J’ai profité de la soirée de l’exemple ci-dessus pour demander à mon pote ce qu’il pensait de cette affaire de  »loca », histoire d’avoir l’avis d’un concerné. Et il a dit (SURPRISE !) qu’il aimait pas ça.
De la même façon que je kiffe pas quand les latinos me mettent dans le grand sac des « gring@s ».
Dans les 2 appellations  »gringos » et les  »locaux », il y une pointe très claire de condescendance. La GROSSE différence entre les deux, c’est que pour les « gringos » elle est très clairement assumée et pour les « locaux » elle est inconsciente car elle porte le masque de la recherche d’authenticité et de l’aventure.

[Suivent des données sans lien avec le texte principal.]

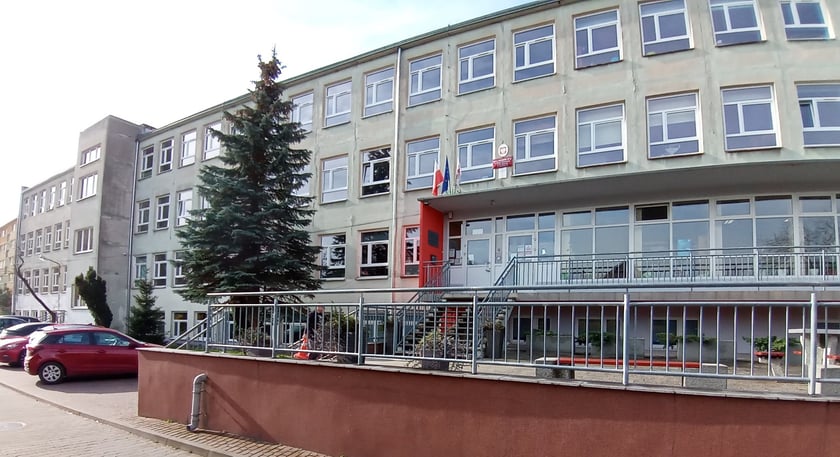 Szkoła Podstawowa nr 98 przy ul. Sycowskiej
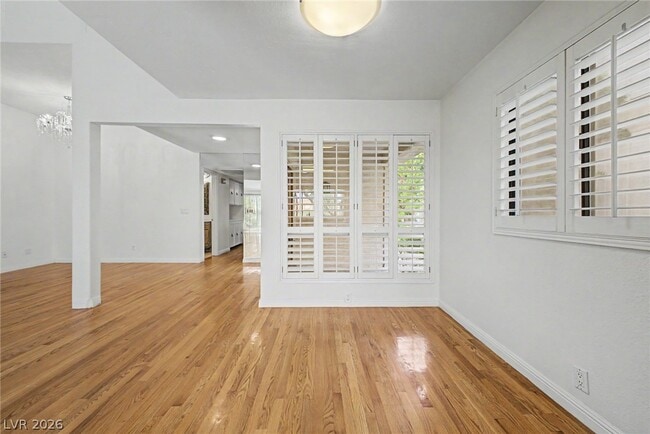 Building Photo - 3145 Bel Air Dr
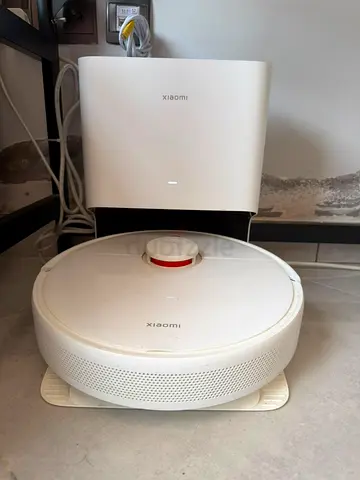 Xiaomi Robot Vacuum with Self-Empty Dock & accessories - Good Working Condition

Donc voilà, à la question : Pourquoi diable a-je envie de me boucher les oreilles et chanter très fort dès que j’entends des histoires de « connexions avec des locaux ? »,  j’ai une réponse : parce que c’est condescendant, déshumanisant et que ça sent comme un relent de colonialisme.
Ma réflexion est probablement amenée à évoluer, donc je vais continuer de me renseigner et à observer. Si tu as un avis ou des ressources sur le sujet, je suis preneuse !

*cette liste, c’est pas pour me la péter (parce que je suis pas vraiment fière de mon emprunte carbone et qu’il faut arrêter de prendre l’avion), c’est pour te donner mon référentiel de réflexion.